Assim, não só se mantém o perigo para a conservação e veracidade da prova, como o mesmo, atenta a fase fulcral em que o processo se encontra, pode aumentar de intensidade.
Na verdade, sendo evidente que a frequência de aulas teóricas na escola de condução implicaria a saída do arguido, vários dias por semana e, necessariamente, por mais de uma hora, da sua habitação, situação que, com o tempo – se, porventura, o julgamento viesse a sofrer atrasos – tenderia a agravar-se, com o início das aulas práticas de condução, uma vez que tais saídas, contrariamente ao que parece ser o entendimento do arguido, não seriam controláveis pelos meios técnicos [estes estão circunscritos ao controlo da presença do arguido na habitação em causa], fácil é concluir que a pretendida autorização de frequência de aulas na escola de condução facultaria ao recorrente as oportunidades necessárias para contactar as testemunhas e deste modo, frustrar um dos fins visados pela aplicação da OPH.
4. Diz ainda o recorrente – conclusões 5 a 7 – que, a entender-se que existem indícios suficientes da prática dos factos, que os mesmos estão correctamente qualificados como crime tentado de homicídio qualificado e que vai ser condenado em pena de prisão efectiva, estão já a ser atingidas, numa fase bem precoce do processo, os fins das penas, pois que, interiorizou o desvalor dos factos e suas consequências, e está já a preparar a sua reintegração na sociedade e a revelar a sua capacidade para pautar a sua vida futura de forma responsável, através da obtenção de um instrumento fundamental – a carta de condução – para fazer face às exigências do mercado de trabalho.
Com ressalva do respeito devido, temos alguma dificuldade em perceber o argumento, na medida em que, não existindo ainda uma pena aplicada, não se vê que finalidades da mesma possam ser atingidas.

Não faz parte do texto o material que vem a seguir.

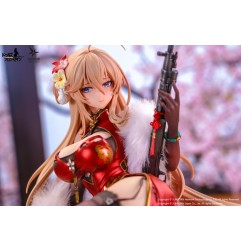 Girls Frontline - Girls' Frontline: Neural Cloud statuette PVC 1/7 DP28 Coiled Morning Glory Heavy Damage Ver. 14 cm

Por outro lado, o que nesta fase do processo está em causa não é a ressocialização do arguido, mas a necessidade de, pelas razões sobreditas, prevenir a conservação e veracidade da prova, relativamente a qualquer conduta sua, facilitada pela pretendida autorização.
Em síntese conclusiva:
- -A autorização judicial a conceder a arguido sujeito à medida de coacção de obrigação de permanência na habitação, de se ausentar desta, pode ter por objecto necessidades pontuais, designadamente, necessidades de tratamento médico, suas ou de familiares consigo conviventes e que necessitem de acompanhamento para esse efeito, ou o cumprimento de relevantes obrigações sócio-familiares, tais como, visitas a ascendente ou descendente gravemente doente ou a comparência em cerimónias fúnebres, pelo decesso dos mesmos;
- -Tal autorização não pode, em circunstância alguma, por em causa os fins cautelares visados com o decretamento da medida de coacção de obrigação de permanência na habitação;
- -Tendo, in casu, sido aplicada ao arguido e ora recorrente, a medida de coacção de obrigação de permanência na habitação, com fiscalização por meios técnicos de controlo à distância, com fundamento, além do mais, na existência de perigo para a aquisição, conservação ou veracidade da prova, por a transcrição das intercepções de conversações telefónicas revelarem as suas tentativas de interferência, pressionando as testemunhas a produzirem depoimentos favoráveis, a concessão de autorização para frequentar aulas teóricas e, depois, práticas, numa escola de condução, quando se aproxima a fase do julgamento, agravaria esse perigo, proporcionando ao arguido oportunidades várias para novas abordagens a testemunhas, assim frustrando os fins visados pela dita medida de coacção quando foi decretada;
- -Deste modo, não merece censura o despacho recorrido que, por isso, deve ser mantido.